AN AMERICAN JOKE EXPLAINED.
We don't understand American institutions—that's a fact. We don't understand the American Press; which is one of the greatest of those institutions. Deficient in the sense of irony, we take the playful abandonment—the jocose mystification—of the American newspapers as simple statement. Hence multitudes of dull worthy people among us will receive the New York Tribune's account of the reception of the runaway convict, Mitchell, at New York as a prosaic and authentic narrative of that event. Had Greenacre, by some chance, escaped the gallows, they will be inclined to think, he too would have been hailed with enthusiasm and acclamation, as an accession to the worth and manhood of American citizenship. For Mitchell resembled the other chiefly in the circumstance of not having been hanged. He was no mere political non-conformist and unsuccessful opponent of the existing order of things, vulgarly and technically termed a rebel. He was a traitor in the vilest sense of the word: a malignant hater of the Queen and the country: the sort of traitor that mediæval justice contemplated when it sentenced the criminal so called to be hanged, drawn, and quartered. He was a sanguinary cruel caitiff; a dogged miscreant who not only preached pike massacres, but yelled and raved for sulphuric acid, which he would have had rascals to squirt into soldiers' eyes. Those, therefore, who are not up to American drollery will naturally be scandalised by the seemingly sympathetic description, given by the New York Tribune, of the advent of such a fellow amongst the freest and most enlightened people on earth. Says our facetious contemporary:—
"As the Prometheus came up the river, she was boarded by Messrs. Meagher and William Mitchell, the brother of the patriot. The meeting between these friends in sorrow and persecution was affecting in the extreme. Tears of joy were shed on both sides."
Tears which scalded the cheeks down which they flowed; being vitriolic. Without this comment—which would have spoiled the gravity of the burlesque—the Tribune proceeds:
"On nearing the wharf, the news of Mr. Mitchell's arrival spread like wildfire, and ships and piers were literally swarming with the immense throng who crowded to give him a freeman's welcome."
No doubt this is the naked truth. There are, unfortunately, a great many scoundrels and ruffians in New York who have an ardent admiration for a fellow scoundrel and ruffian. It is unnecessary that a New York journal should explain that these vagabonds are not Americans. But that explanation is requisite for our stolid readers, whom we will presently tell who the wretches really were. An individual of the noble and generous American nation would as soon think of hugging a rattle-snake or a copper-head, as of taking to his bosom the venomous and vitriol-squirting Mitchell.
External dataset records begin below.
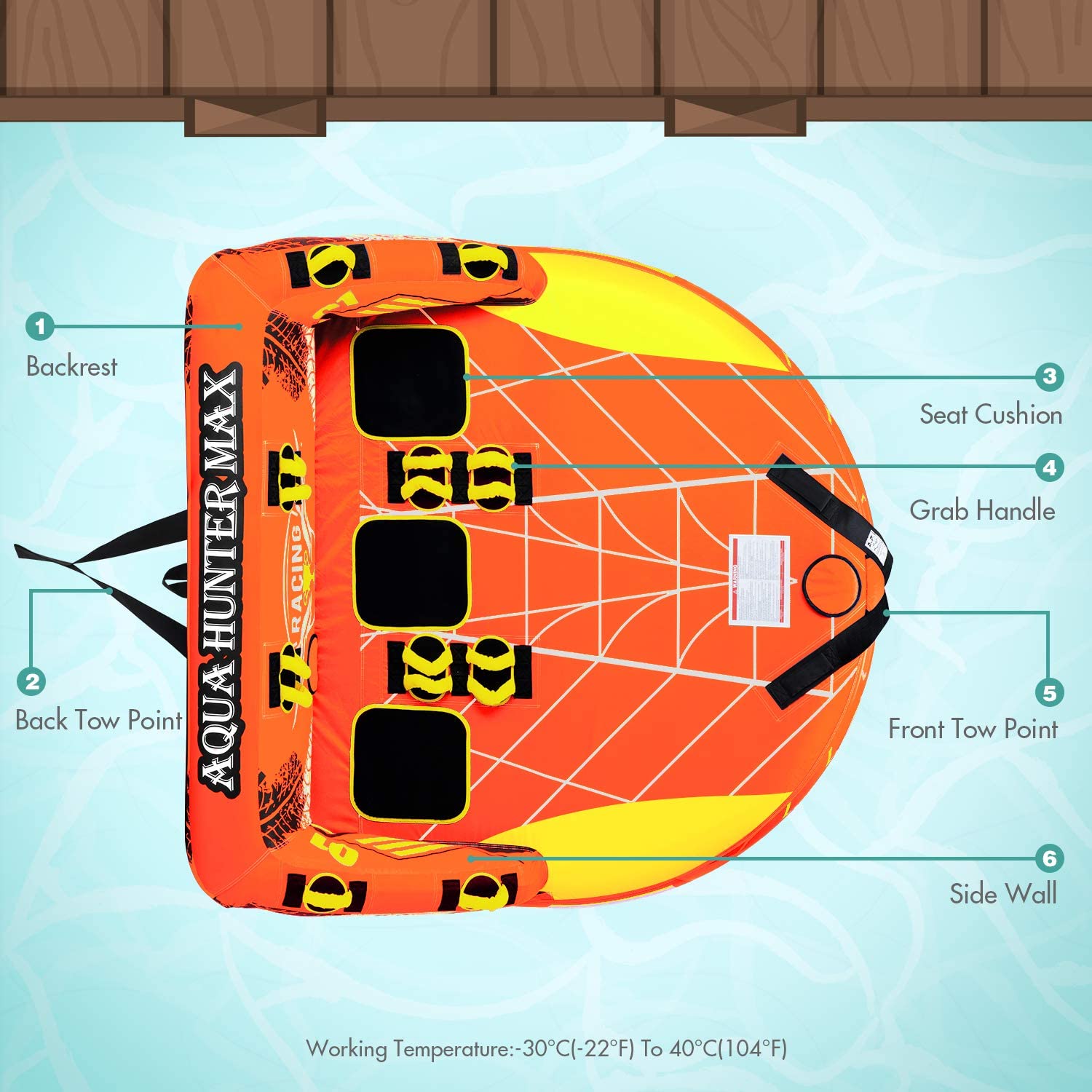 leader-accessories-3-person-towable-tube-heavy-duty-pvc-bladder-840d-nylon-cover image 4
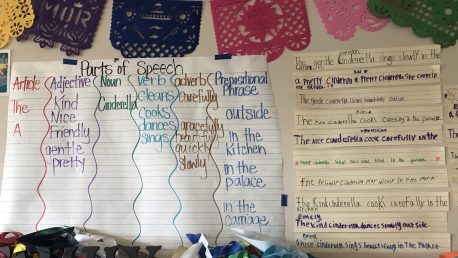 Sentence Patterning Charts – TWO WRITING TEACHERS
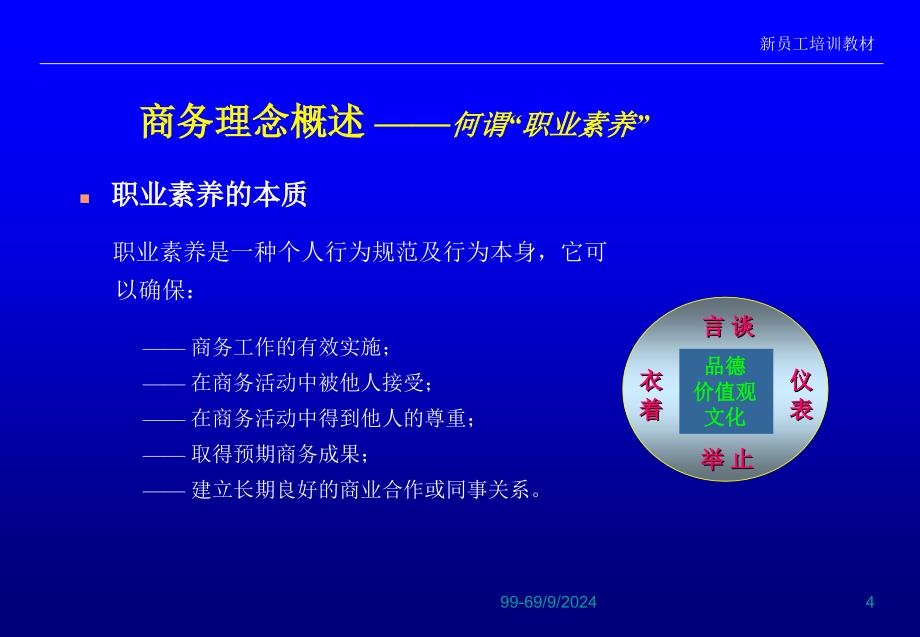 如何成为具有高度职业素养的职业人士课件_第4页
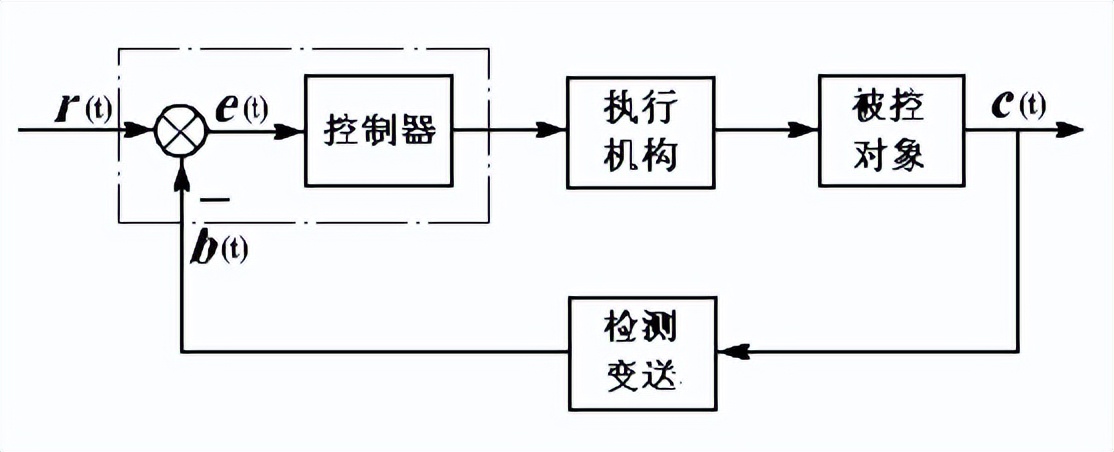 专业有话说：自动化专业真的是“万金油”吗？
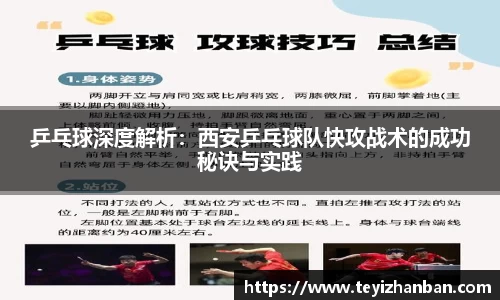 乒乓球深度解析：西安乒乓球队快攻战术的成功秘诀与实践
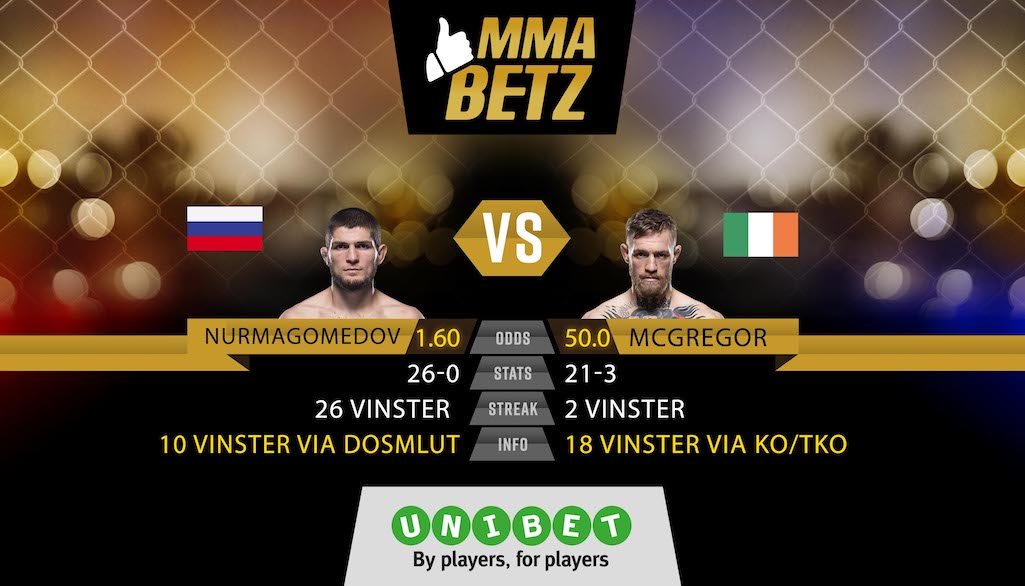 MMA Betz Khabib Nuramgomedov vs Conor McGregor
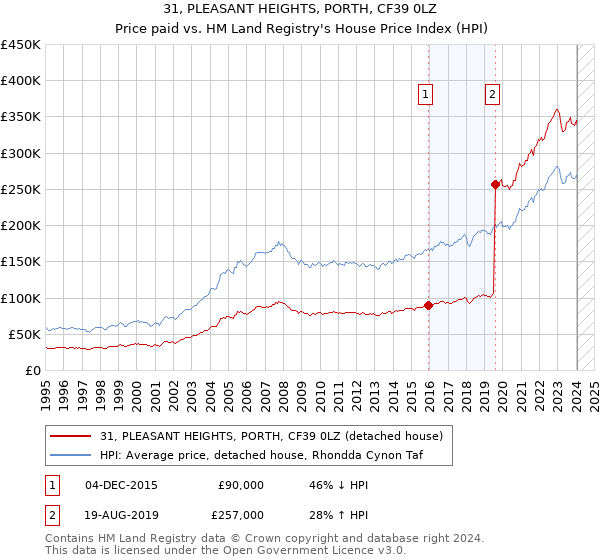 31, PLEASANT HEIGHTS, PORTH, CF39 0LZ: Price paid vs HM Land Registry's House Price Index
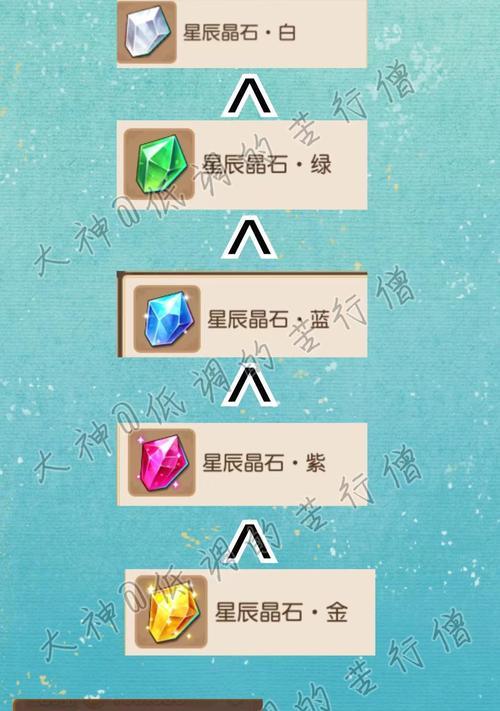 梦幻西游神器晶石积分如何快速积累？有哪些途径？
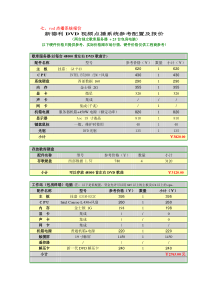 25包房两台服务器DVD歌库方案报价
As Mr. Mitchell and his companions proceeded to their destination—which, notwithstanding the impulsive nature of American moral feeling, was not the nearest pump—he experienced various honours, which the waggish reporter of his triumph enumerates with whimsical exaggeration—particularising "roar of artillery," "dense mass of human beings," the carriages that bore them, being "followed by the throng," his way resembling "the march of a conqueror"—not by any means such a march as that of a man who is drummed out of his regiment. His friends, the funny journalist avers, "were almost ready to take him from the vehicle, and carry him upon their shoulders," and he was "surrounded by a large number of the citizen-soldiery and Nanchan's band." Among these troops were the "Irish Rifles," whose weapon, of course, is the vitriol squirt—the "Mitchell Guard," the "Meagher Grenadiers," with "Cabbage Garden," probably, emblazoned on their colours; and sundry other regiments and guards, which—it was superfluous to inform the New Yorkers—were ragged and—black.
Here lies the point of the whole joke. Misled by a parcel of Uncle-Tom-foolery, we are apt to regard the coloured population of the States as an oppressed race. They are, indeed, shunned and disliked; but that is entirely by reason of their incorrigible villainy. They won't work, but they will squat on an estate, and if compelled to clear off and make room for industrious whites, they shoot the owner of the property from behind a hedge. Rescued from starvation consequent on their unthrift and laziness, they turn and curse the benefactor who feeds them. Such were they who shouted welcome to Mitchell; and only think how secure a people must feel in their republican liberty to permit a mob of savages to indulge in such a demonstration! This base and brutal multitude did not contain one American citizen. Their bands are stated to have played Irish melodies, "Star Spangled Banner," "Yankee Doodle," and other national airs. No, no. The ragamuffins hated the stars as well as the stripes too much; and they no more played "Yankee Doodle" than Mitchell sang "Rule Britannia." Their music may have included Irish melodies; but their other national airs were limited to the class comprising "Lucy Neal" and "Ole Dan Tucker." They were an assemblage of odious, miserable, ugly, degraded brutes, connecting links between mankind and the monkey. There was not a single Anglo-Saxon in the whole lot. In short, they were all—Niggers.